Supplied material –
Start of Block

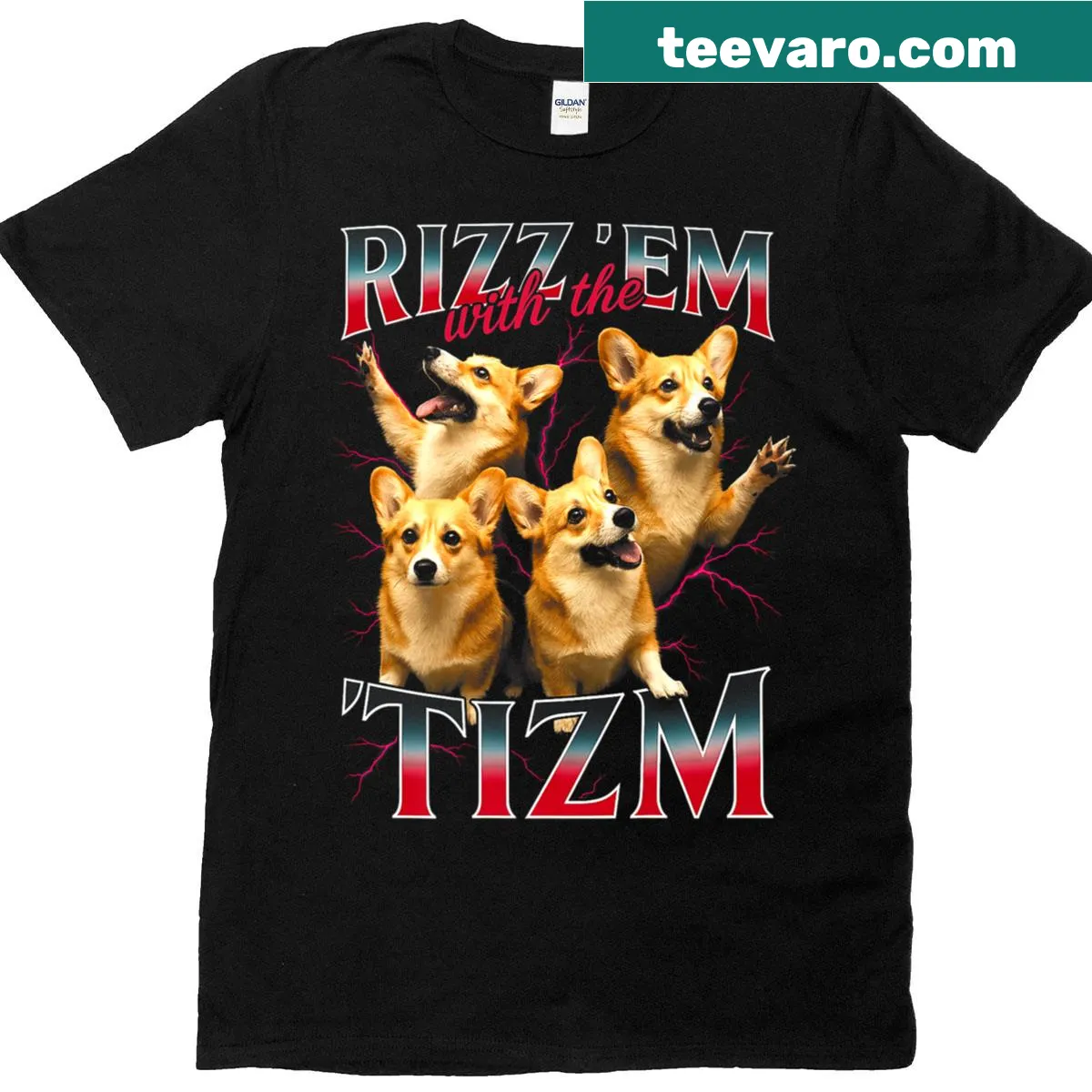 Corgi meme graphic t-shirt with the phrase 'Rizz Em With The Tism' — on a men's t-shirt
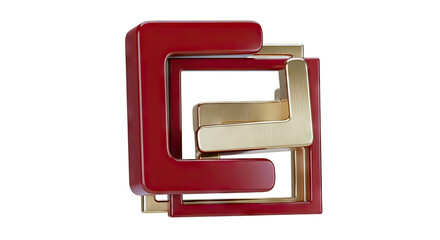 Interlocking Red and Gold Square Frame Abstract Design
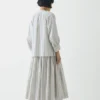 Gonna a pieghe in cotone a righe Gonna a pieghe in cotone a righe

End of Block

Your task –
What is needed is an exact copy of all the data, with no images in it.

Task response –
 Corgi meme graphic t-shirt with the phrase 'Rizz Em With The Tism' — on a men's t-shirt
 Interlocking Red and Gold Square Frame Abstract Design
 Gonna a pieghe in cotone a righe Gonna a pieghe in cotone a righe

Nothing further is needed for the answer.